There are situtions where CSD gets loaded with pages that you can delete simply on title alone, but it is rare enough that it would more likely cause the bad practice mentioned above for those not familiar enough with the situation. (Discussion withdrawn) — xaosflux Talk 03:27, 25 January 2007 (UTC)[reply]

I have modified the edit summary in pyWikipediaBot to include the number of entries in the listified category. This addresses the suggestion that was made above. --Cyde Weys 17:40, 25 January 2007 (UTC)[reply]

Excellent, I've been waiting for that. I find these useful to use, but if someone is going to use this for analysis wouldn't it make sense to divide the list into 3 sections (new items added since the last update, items carried over from last update, and items removed since last update (which would be red links in the case of the deletion lists)). I guess it depends on how you intend to use the output (other than as an alternate way to see what's in the category). NoSeptember 18:03, 25 January 2007 (UTC)
Well, the list of what has been added and removed is already in the diffs between revisions, so it isn't really that necessary to also display it explicitly within each revision. I was, however, thinking of breaking out the number of entries per diff, which doesn't really tell the whole story. For instance, nine new entries could be added to CAT:CSD while ten are deleted, yet someone just tracking the # of entries in the edit summaries would see it as going down by one, and wouldn't think to view the diff to see that some new stuff has actually been added. Thus I'm looking into putting numbers into the edit summary like (100 current, 10 removed, 9 added) or some such. --Cyde Weys 21:30, 25 January 2007 (UTC)[reply]

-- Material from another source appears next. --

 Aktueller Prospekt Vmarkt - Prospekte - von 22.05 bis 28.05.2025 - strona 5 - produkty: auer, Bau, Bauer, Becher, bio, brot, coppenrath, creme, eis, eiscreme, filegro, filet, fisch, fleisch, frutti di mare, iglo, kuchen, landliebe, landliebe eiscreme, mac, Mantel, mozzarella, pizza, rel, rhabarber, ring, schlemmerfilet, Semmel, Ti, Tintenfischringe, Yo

Sounds good to me. The intervals sound quite short though: can anyone comment on the implications of frequent category page-gets as far as server impact is concerned? I'd assume these have more implications for db queries than the same number of article (etc) page fetches due to different caching, but I'm entirely hazy on the details of how that's implemented. Anyhoo, that's just a matter of tuning, as Cyde says. Alai 23:57, 26 January 2007 (UTC)[reply]
Getting a category page takes just as much server "effort" (as it were) as getting an article page. What requires a little bit of extra effort with categories is updating them when the text of another page changes to add or remove the category from it. But the category page itself is entirely cached. Once every five minutes is going to have a completely negligible effect on the servers. Hell, look at AntiVandalBot: it compares the diffs of every edit made to Wikipedia, live, and it's not really a problem either. --Cyde Weys 16:59, 28 January 2007 (UTC)[reply]

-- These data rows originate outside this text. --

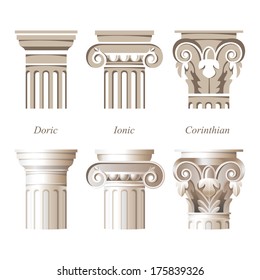stylized and realistic columns in different styles - ionic, doric, corinthian - for your architectural designs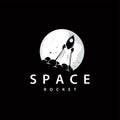 Space Rocket Logo Design, Space Vehicle Technology Vector, Simple Templet Modern Illustration Royalty Free Stock Photo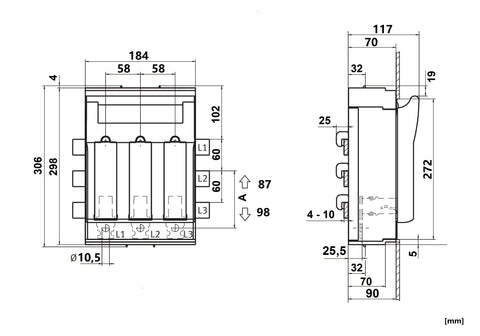 Separator mărime 2, 3-poli, 400A, M10, ieşire sup./inf.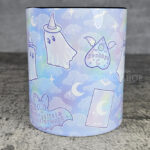 kawaii witchy ghosties ouija bats pastel pink blue gothic mug
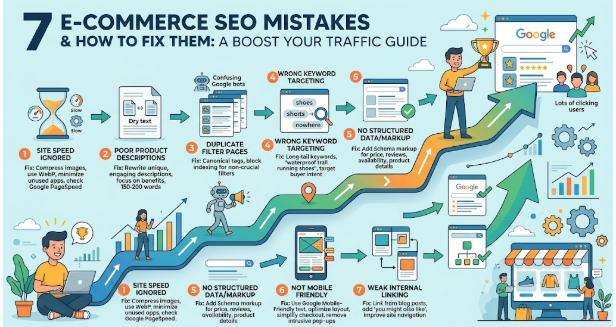 Infographic showing 7 common e-commerce SEO mistakes and practical fixes to improve website traffic and Google rankings.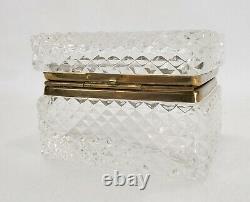 Antique Glass Dresser Box Brass Bound Excellent Condition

From what I know of the Mediawiki software, I think Cyde is right about category pages being cached, and having a server load on par with loading a cached article. HighInBC (Need help? Ask me) 17:05, 28 January 2007 (UTC)[reply]

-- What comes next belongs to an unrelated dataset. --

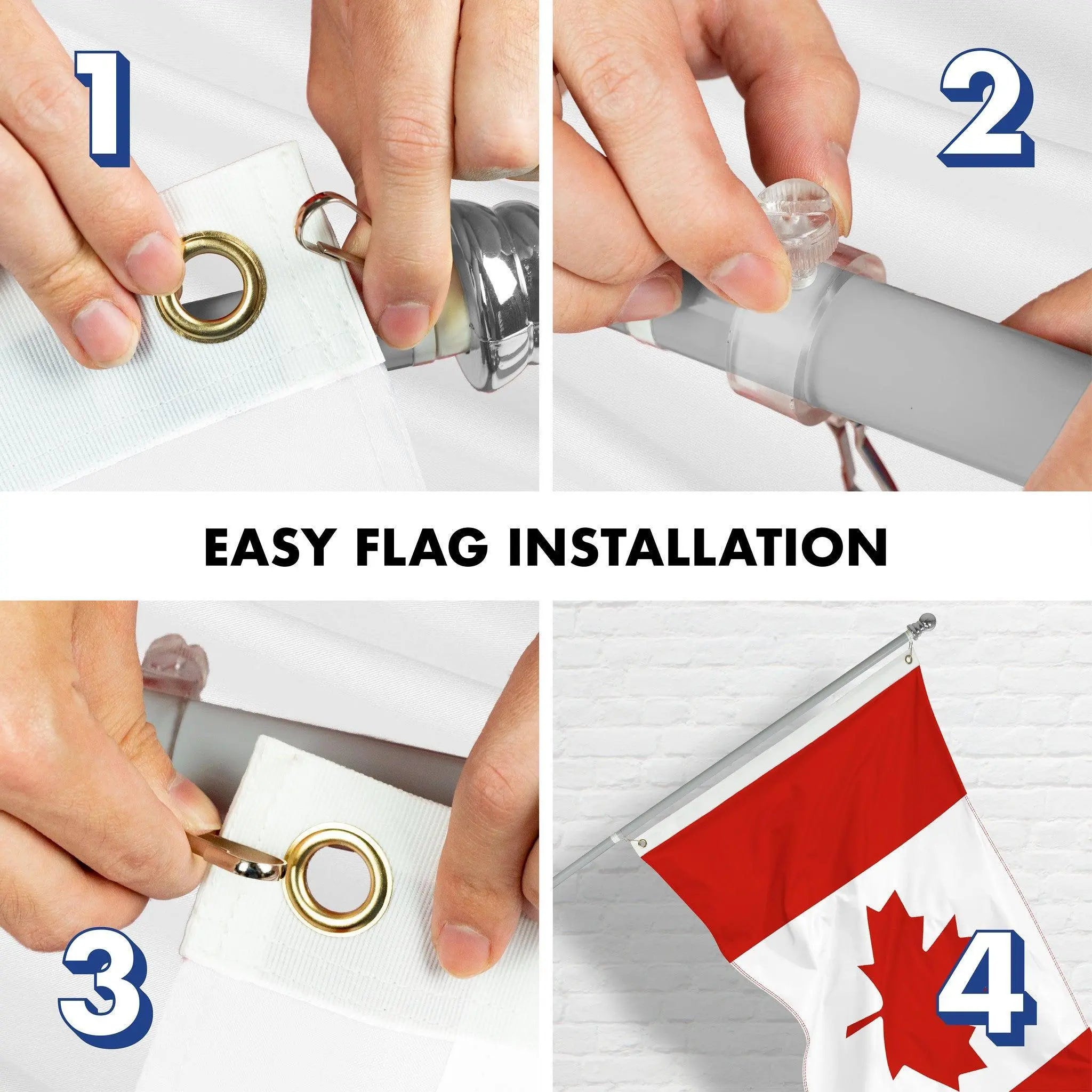 G128 Combo Pack: Flag Pole 6 FT Silver Tangle Free & Canada Canadian Flag 3x5ft 150D Printed Polyester G128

I know zilch about same, but I should have inferred as much from the structure of the job queue handling of large category changes. Fair enough then, aforementioned 'tuning' on the basis of the write-rate seems perfectly sufficient. I'll note that the "not a problem by analogy" argument isn't entirely sound, since replication of numerous reasonable loads isn't necessarily itself reasonable. (More of a problem if there were umpteen AVBs, though, rather than in this case.) Alai 07:31, 31 January 2007 (UTC)[reply]

 Approved.Mets501 (talk) 19:51, 7 February 2007 (UTC)[reply]

The above discussion is preserved as an archive of the debate. Please do not modify it. Subsequent comments should be made in a new section.